Quando os primeiros navegantes chegaram às ilhas no fim do século 16,
começaram a caçar as aves indefesas, que também eram alvo de animais
domésticos como gatos e cachorros (o biguá-de-galápagos enfrenta os
mesmos problemas hoje). Em 1662 o animal entrou em extinção. Como alguns
espécimes foram coletados por exploradores europeus e estão em museus,
podem fornecer tecido para a extração de DNA.
Tigre-da-tasmânia (Thylacinus cynocephalus)
O tigre-da-tasmânia era um marsupial
(mesmo grupo dos cangurus) que vivia na Austrália, Nova Guiné e Tasmânia
até a década de 1930. A perda de habitat e a introdução de cães
domésticos ajudaram na diminuição da população. Biólogos, porém, apontam
para a caça por fazendeiros, que visavam proteger seu rebanho, como a
principal causa da extinção dos animais (mesmo problema enfrentado por
muitos animais no dia de hoje, como a onça-pintada, por exemplo). Será
difícil clonar o tigre-da-tasmânia, porque ele é bem diferente de seus
parentes mais próximos nos dias de hoje – o diabo da tasmânia e o numbat
– o que dificulta as análises genéticas.
Periquito-da-carolina (Conuropsis carolinensis)
O periquito-da-carolina era a única
espécie de psitacídeo (família dos periquitos, papagaios e araras) do
leste dos Estados unidos. Eles viviam às margens de rios, onde se
alimentavam de frutos e sementes. Mas, no século 19, a destruição de seu
habitat causada pela expansão da agricultura, aliada ao tráfico de
animais e a caça pelas penas das aves (a arara-azul enfrenta os mesmos
problemas hoje em dia), acabaram levando a espécie à extinção na
natureza em 1904. O último indivíduo em cativeiro morreu em 1918 no
Zoológico de Cincinnati. Amostras de tecido da espécie podem ser
encontradas em museus nos dias de hoje.
Pombo-passageiro (Ectopistes migratorius)
Existiam bilhões de pombos-passageiros
na América do Norte durante o século 19, mas a caça e a destruição do
habitat levaram a espécie à extinção no começo do século 20. Hoje, um
time de cientistas está tentando trazer a ave de volta utilizando seu
DNA, coletado de tecidos de espécimes encontrados em museus, para mapear
o genoma do animal.
Arau-gigante (Pinguinus impennis)
Anteriormente o arau-gigante podia ser
encontrado em todo o litoral do Atlântico Norte.

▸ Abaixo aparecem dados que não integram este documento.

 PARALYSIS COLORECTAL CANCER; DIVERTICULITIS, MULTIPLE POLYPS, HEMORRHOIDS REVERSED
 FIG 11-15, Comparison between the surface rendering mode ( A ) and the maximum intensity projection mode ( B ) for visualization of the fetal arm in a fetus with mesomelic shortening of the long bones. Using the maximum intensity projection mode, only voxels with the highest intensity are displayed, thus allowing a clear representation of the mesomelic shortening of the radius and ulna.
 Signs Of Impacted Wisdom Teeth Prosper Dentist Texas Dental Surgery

As aves, semelhante aos
modernos pinguins, haviam perdido o voo durante a evolução e eram
excelentes nadadoras. A caça por suas penas, carne, óleo e gordura levou
a espécie à extinção. O último arau-gigante vivo foi visto em 1852.

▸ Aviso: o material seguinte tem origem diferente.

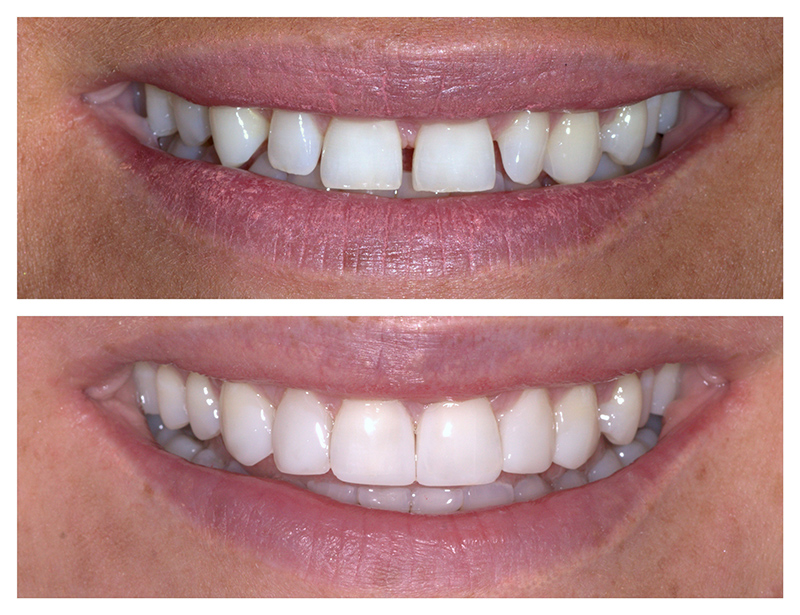 Smile Design Procedure Composite Bonding Space Closure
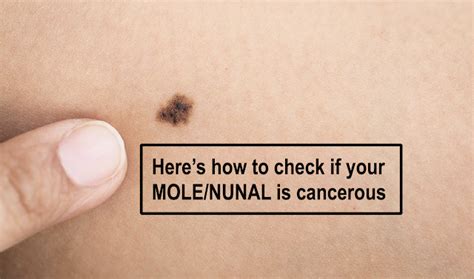 How To Know If Your Moles Are Cancerous or Not: Signs and Symptoms - ArtikuloBlogazine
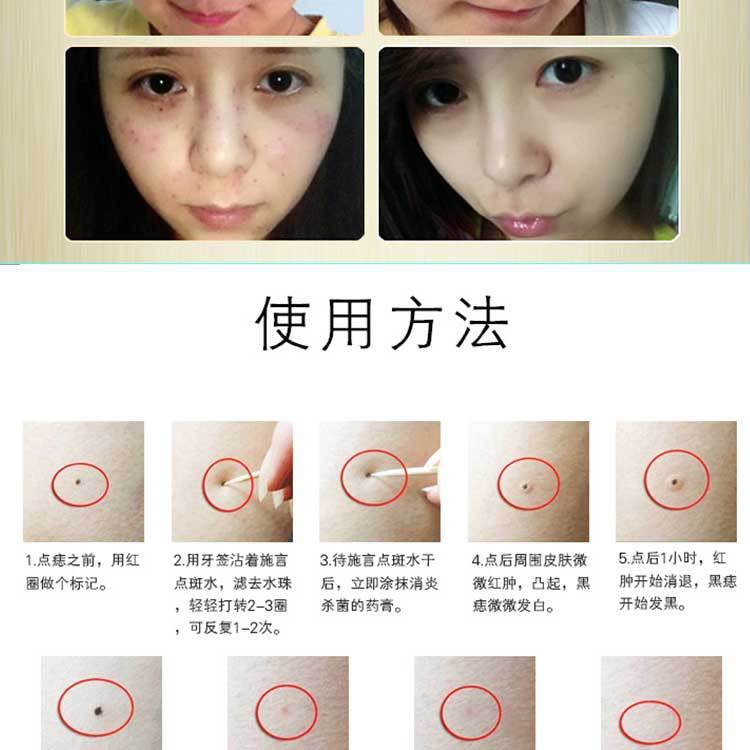 點斑水 七天不留痕無痛點斑點痣水 點斑祛斑水可點雀斑 疣 點斑液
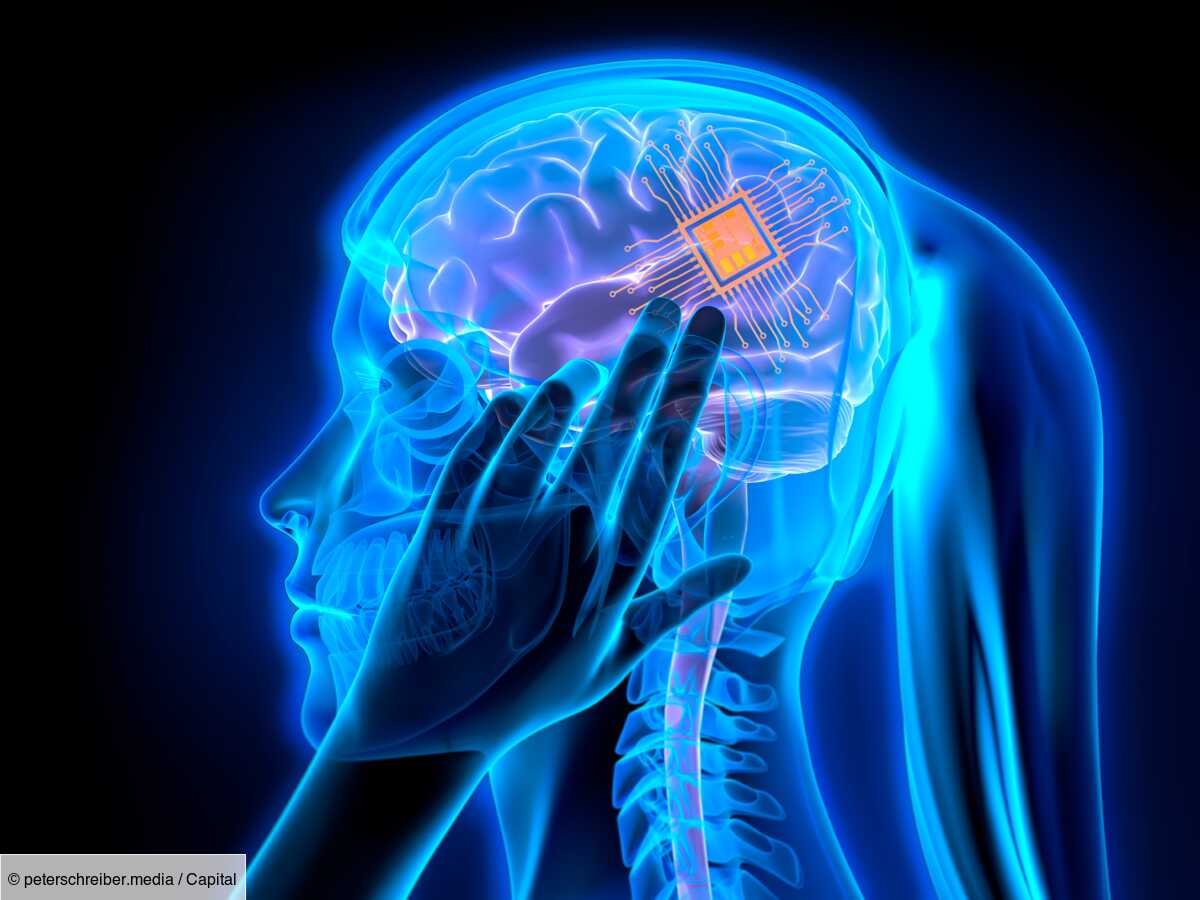 implant cérébral de neuralink : 100 jours après l’opération, le premier cobaye témoigne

Hoje existem mais de 70 exemplares em museus, além de ovos, que podem
ser utilizados para retirada de material genético.
Huia (Heteralocha acutirostris)
O único lugar no mundo onde era possível
se encontrar huias era no norte da Nova Zelândia. Para os Maoris as
penas das aves era um sinal de status: só os chefes podiam usá-las como
adorno. Mais tarde, com a chegada dos europeus, as aves passaram a ser
alvo de colecionadores – que desejavam empalhar os animais para
deixá-los como peças de decoração – e sua população caiu drasticamente. O
último indivíduo foi visto em 1907. A perda de habitat e doenças são
outras causas prováveis da extinção. Hoje seria possível extrair o
material genético da pele dos espécimes empalhados, mas, devido às
condições de conservação, é muito difícil que o genoma completo da ave
seja mapeado.
Moa
As moas são agrupadas em nove espécies divididas em seis gêneros. As maiores (Dinornis robustuse Dinornis novaezelandiae)

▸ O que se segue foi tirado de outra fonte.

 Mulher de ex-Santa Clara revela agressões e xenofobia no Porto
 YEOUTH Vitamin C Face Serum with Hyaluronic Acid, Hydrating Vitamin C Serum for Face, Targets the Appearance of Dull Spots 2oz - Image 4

deixariam um avestruz parecendo um pequeno passarinho. Elas podiam
chegar a 3,6 metros de altura e pesar cerca de 230 quilos. As aves
entraram em extinção por volta do ano 1400 devido à caça intensiva
promovida pelos Maoris e ao distúrbio provocado pela agricultura. Ela é
uma candidata a desextinção porque existe uma quantidade significativa
de ossos grandes de onde os cientistas podem retirar material genético
para mapear o genoma do animal.
Auroque (Bos primigenius)
Auroques eram bovídeos achados na
Grã-Bretanha, no norte da África e em boa parte do território da
Eurásia. A caça e a competição por pastos com o gado doméstico levaram a
espécie à extinção em 1627.
Tetraz (Tympanuchus cupido cupido)
A subespécie de tetraz-das-pradarias, Tympanuchus cupido cupido,
habitava os brejos da América do Norte, desde o sul de New Hampshire
até o norte da Virgínia. A chegada de colonizadores e a perda de habitat
acabaram levando o animal à extinção em 1932.